Pemerintah bersama seluruh pemangku kepentingan mesti bekerja serius, jujur dan dapat bertanggungjawab. Masyarakat dapat mengawal. Tentu kita tidak ingin setelah musibah ini berlalu, masalah baru muncul karna dampak dari ketiadaan transparansi anggaran.

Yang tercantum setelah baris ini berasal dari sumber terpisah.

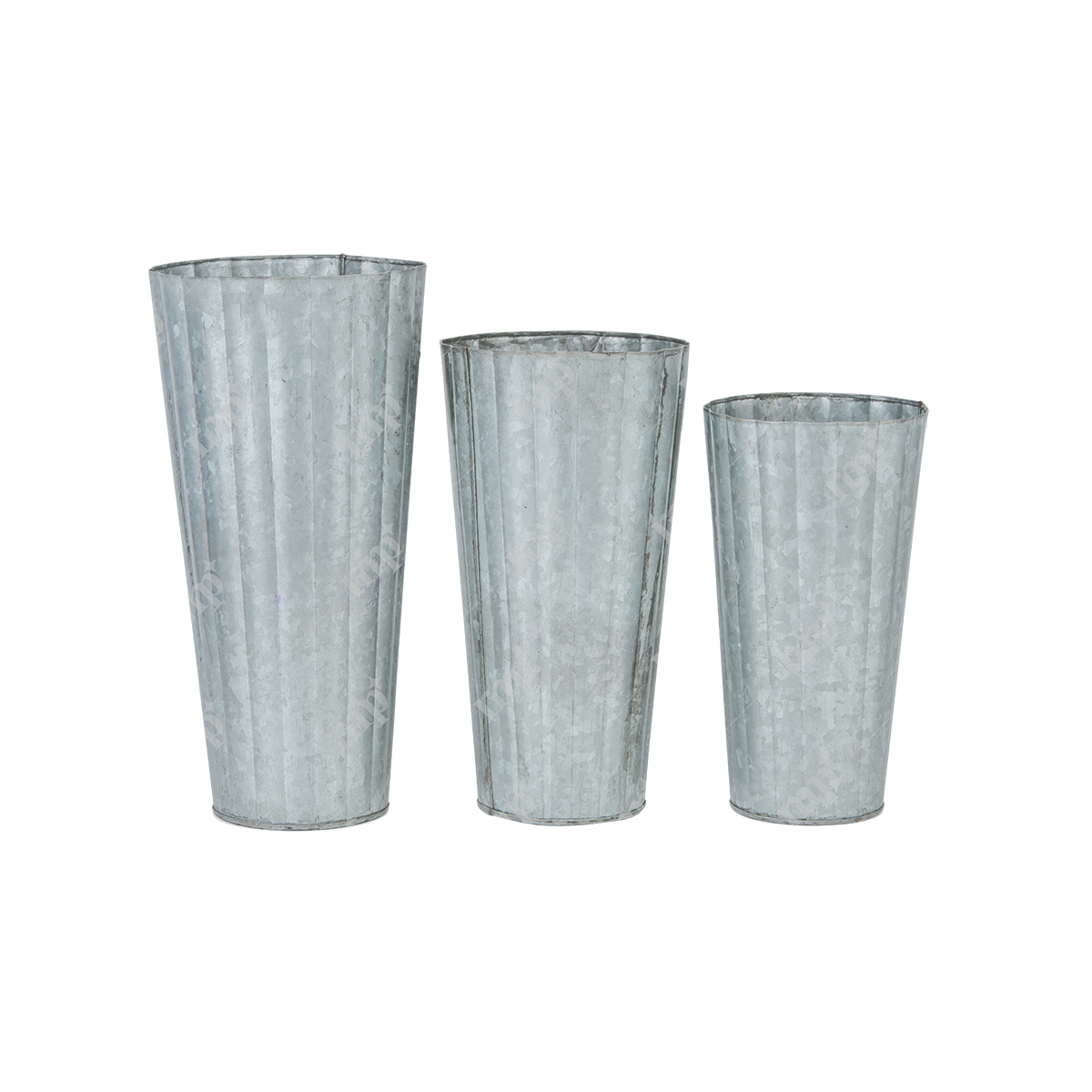 Flower Buckets By Rent My Party - Basket & Boxes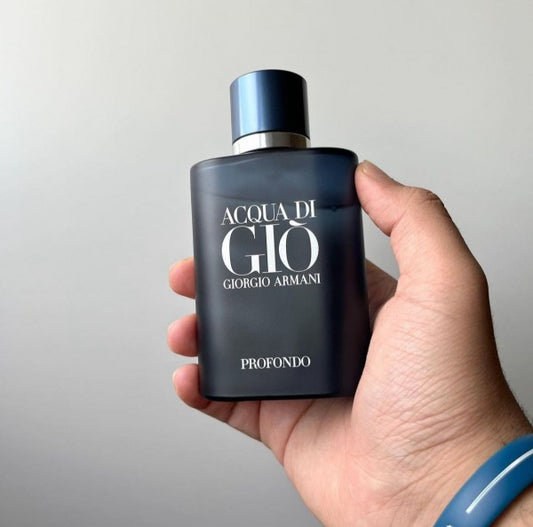GIO_GIORGIO ARMANI PROFONDO EDP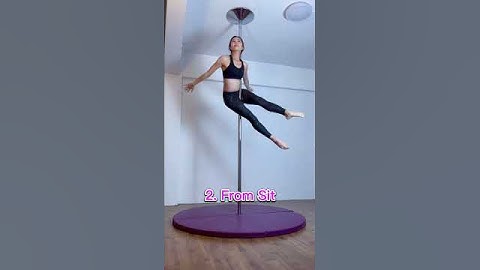 3 Ways to Janeiro - Pole Dance Trick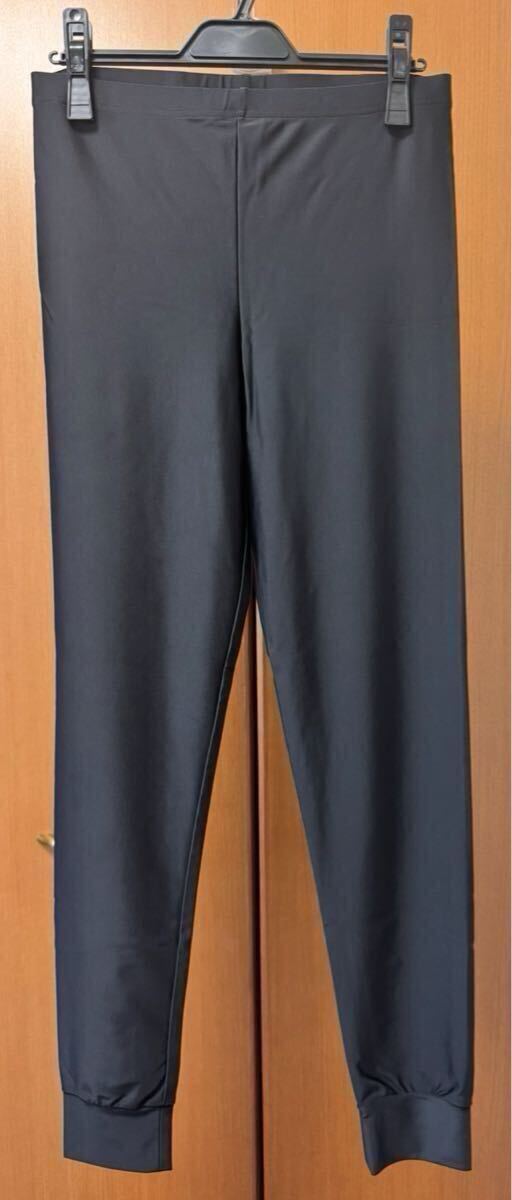 ★レア新品未使用★COMME des GARCONS HOMMEPLUS コムデギャルソン オムプリュス ストレッチポリエステルレギンス 重ね着 春夏 希少★拍卖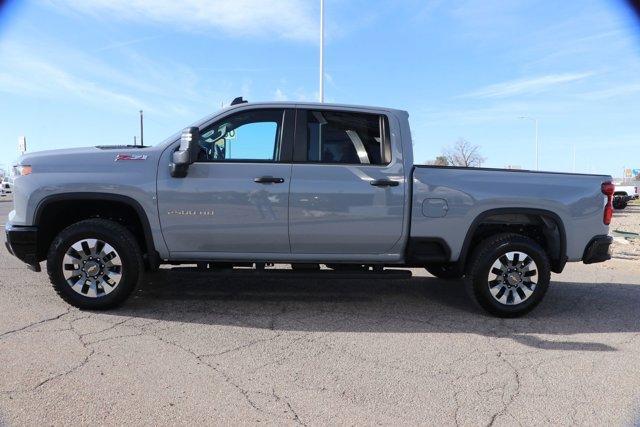 new 2025 Chevrolet Silverado 2500 car, priced at $69,975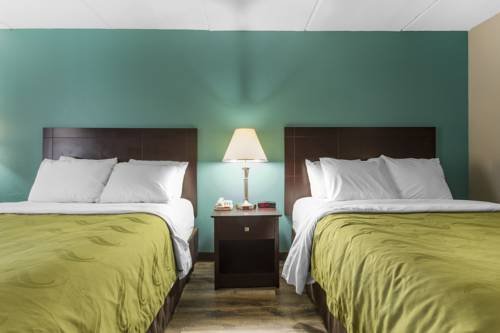 Imagen de la habitación del Hotel Quality Inn & Suites Vidalia. Foto 4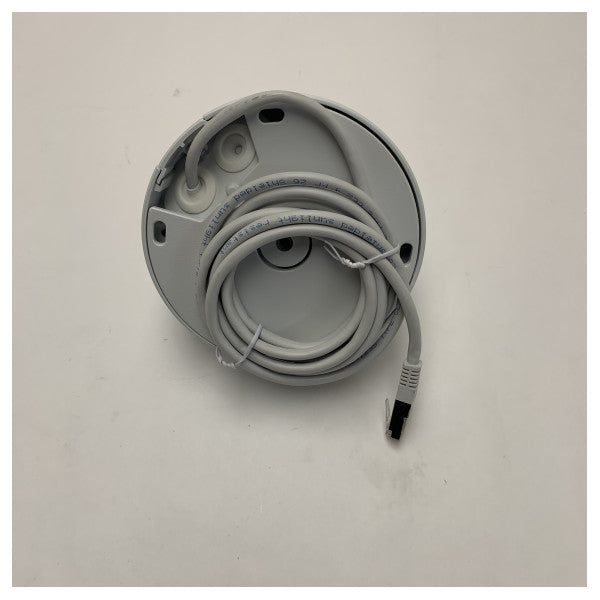 Камера Axis Mini Dome Marine M3025-VE - 2МП водонепроникна та вандалостійка охорона для кораблів 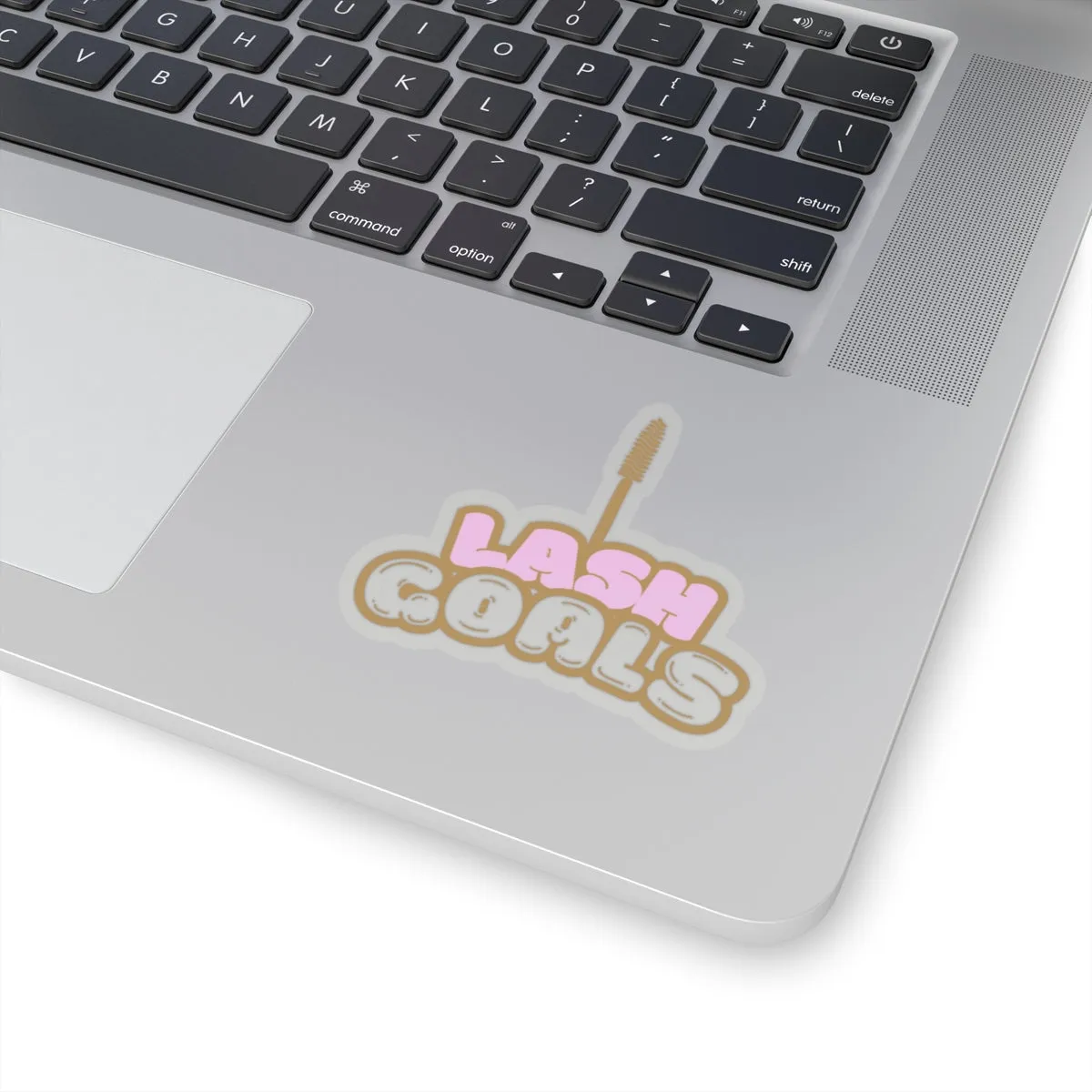 Lash Goals Kiss-Cut Stickers - Chic Stickers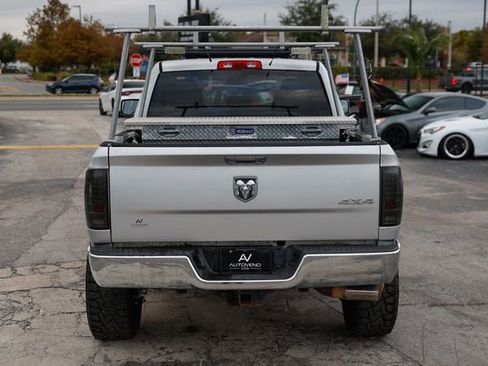 Used 2015 RAM 2500 Power Wagon Tradesman image 14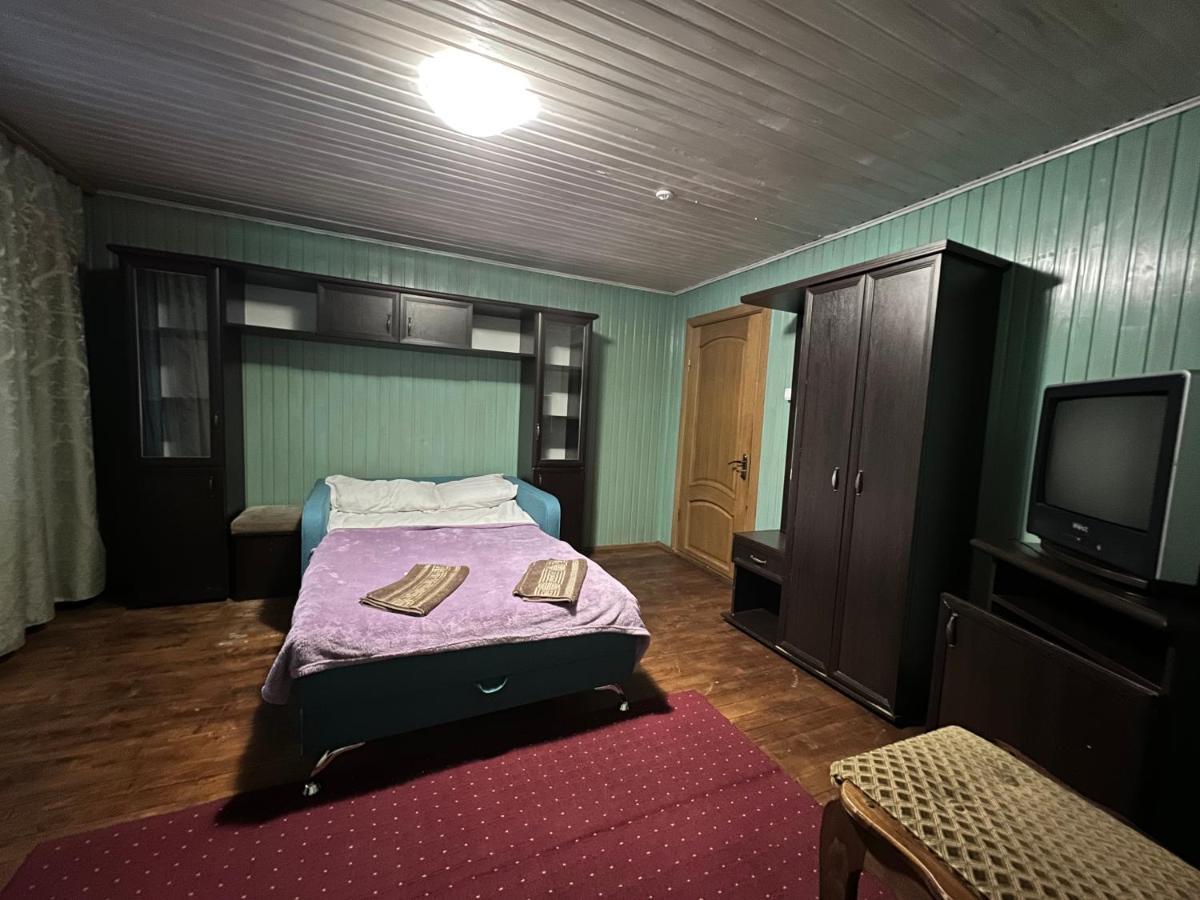 Hotel Natashka Huklyvyy Bagian luar foto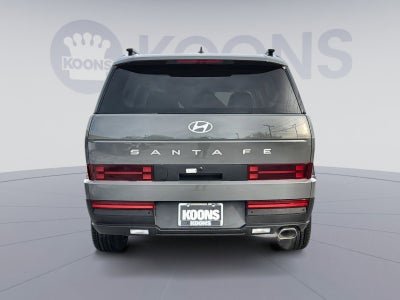 2026 Hyundai SANTA FE SEL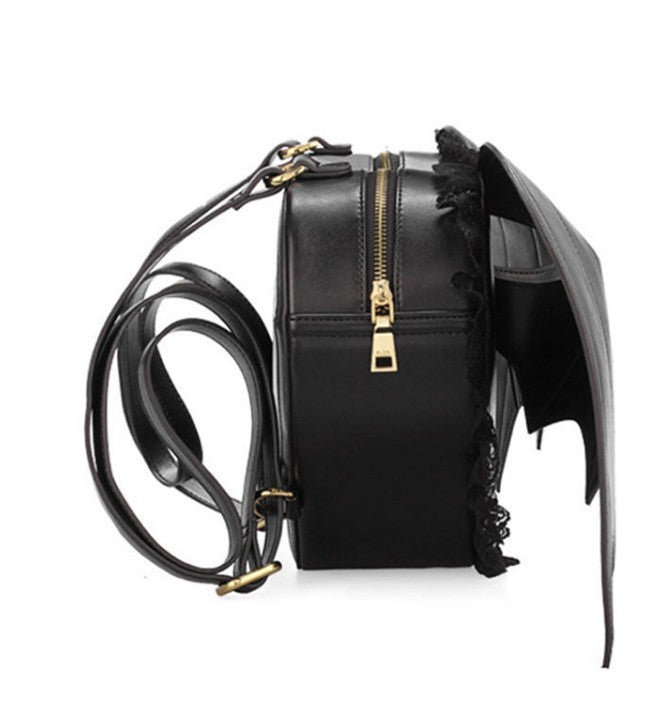 Gothic Bat Wing  Backpack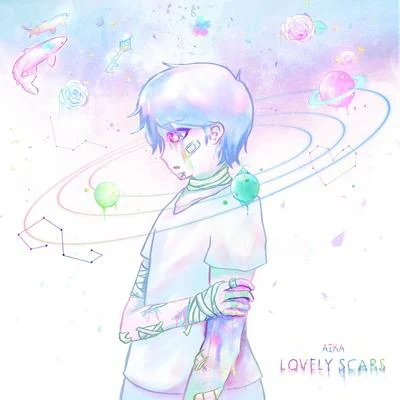 Lovely Scars 專輯 AIKA/Nila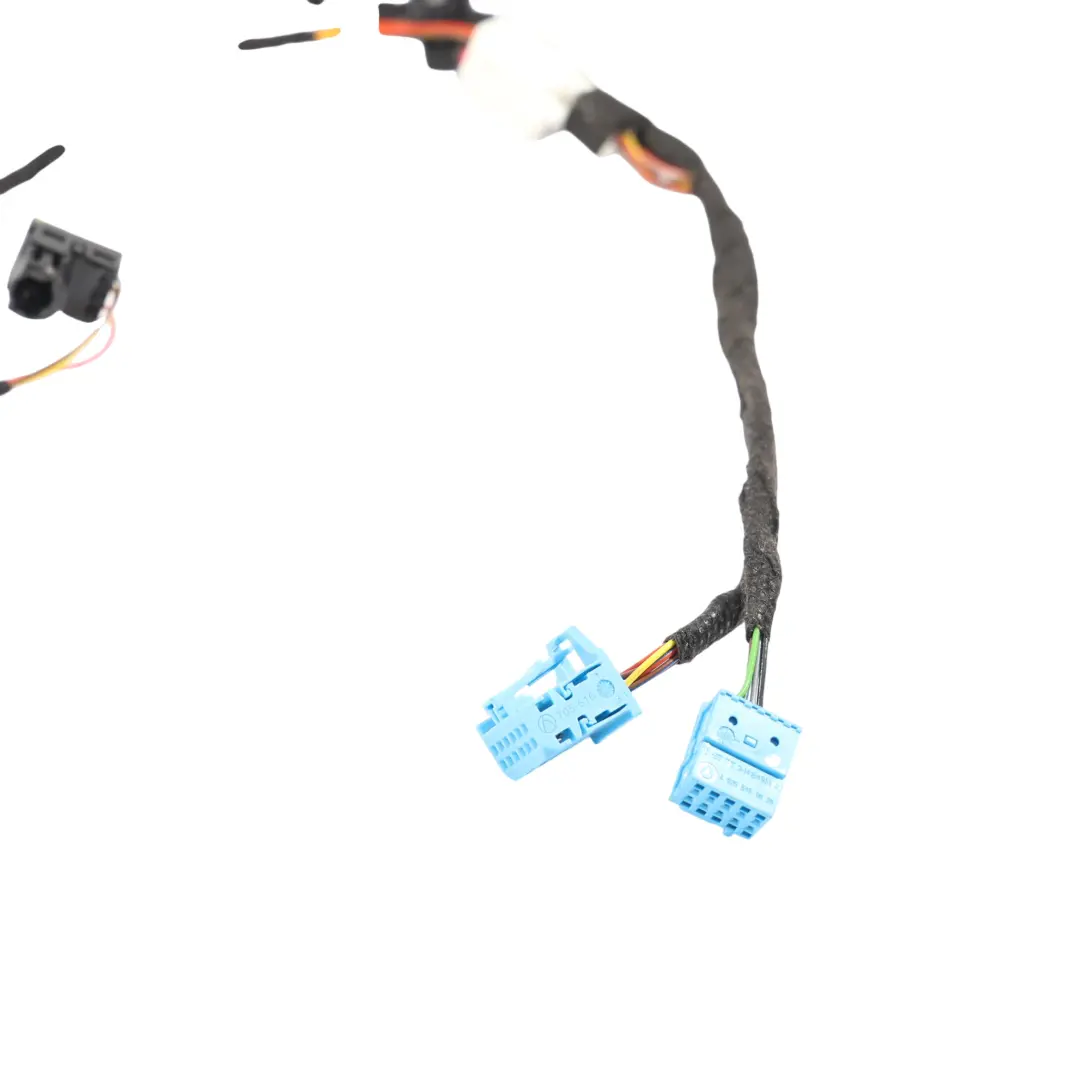 Wiązka Przewodów Kabel Drzwi Tył Tylne Prawe Lewe do Mercedes W205 o numerze A2055409591 Mercedes W205 Wiązka Przewodów Kabel Drzwi Tył Tylne Prawe Lewe - SKU A2055409591 - Numer Części A2055409591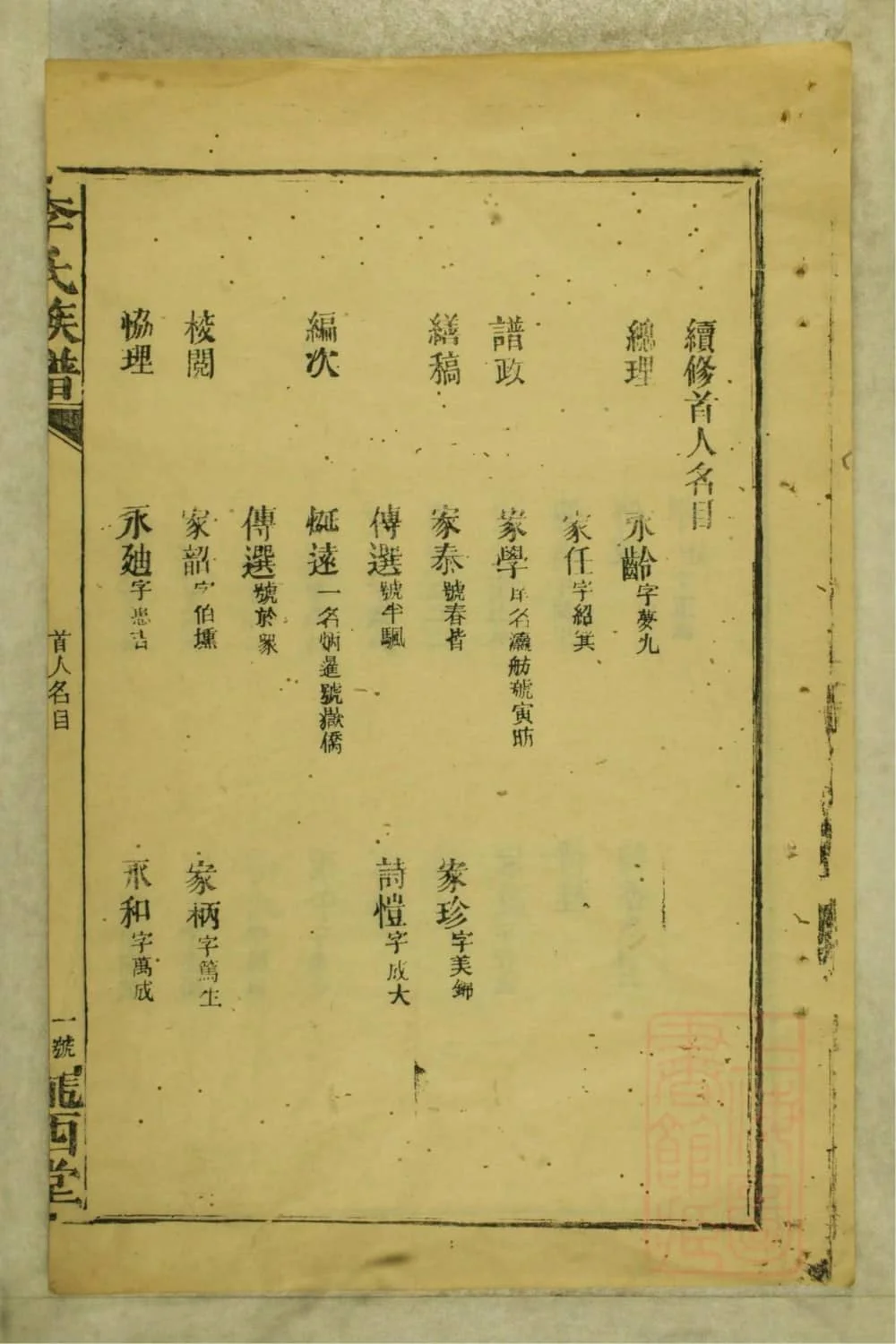 图片[4]-湖南常德李氏族谱（陇西堂）电子版PDF下载-中华家谱网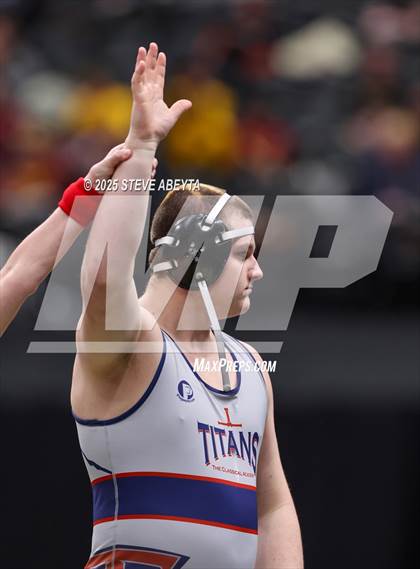 Thumbnail 2 in CHSAA State Championship Tournament (Session 1) photogallery.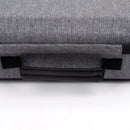 Hard Carry Case with Lens Cover Waterproof Travel Home Storage Bag Mesh Pocket for Meta Quest 3 VR Headset Game Controller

Sudah cukuplah pemerintah oleh banyak pihak dinilai terkesan lambat menangani pandemi Covid-19 ini, jangan lagi ada celah yang semestinya dapat ditutup justru merugikan pemerintah dan masyarakat tentunya.
Kita ingin penanganan pandemi ini berjalan serius dan responsif, meski dengan berbagai kelemahan tetapi hal yang fundamental berkaitan dengan masalah hukum dan konstitusi harus ditaati secara sungguh-sungguh.
Utamanya para pihak yang memiliki kewenangan menjalakan tugasnya berdasarkan kebijakan pemerintah harus menyadari bahwa tidak sebatas menolong nyawa orang atas penularan pandemi ini, tetapi harus disadari bahwa menjalankan perintah peraturan perundang-undangan merupakan tugas kenegaraan yang bukan hanya melaksanakan mandat pemerintah tetapi juga menjaga kepercayaan seluruh rakyat Indonesia.
Ditengah situasi seperti ini, political will pemerintah sangat diperlukan untuk mengatasi secara tepat, dan kita sekalian sebagai warga negara tetap menghidupkan kesadaran diri melawan pandemi ini. Tentunya badai pasti berlalu, dan tak ada yang abadi. Covid-19 akan mati dan berlalu. Ini harapan bersama. Semoga.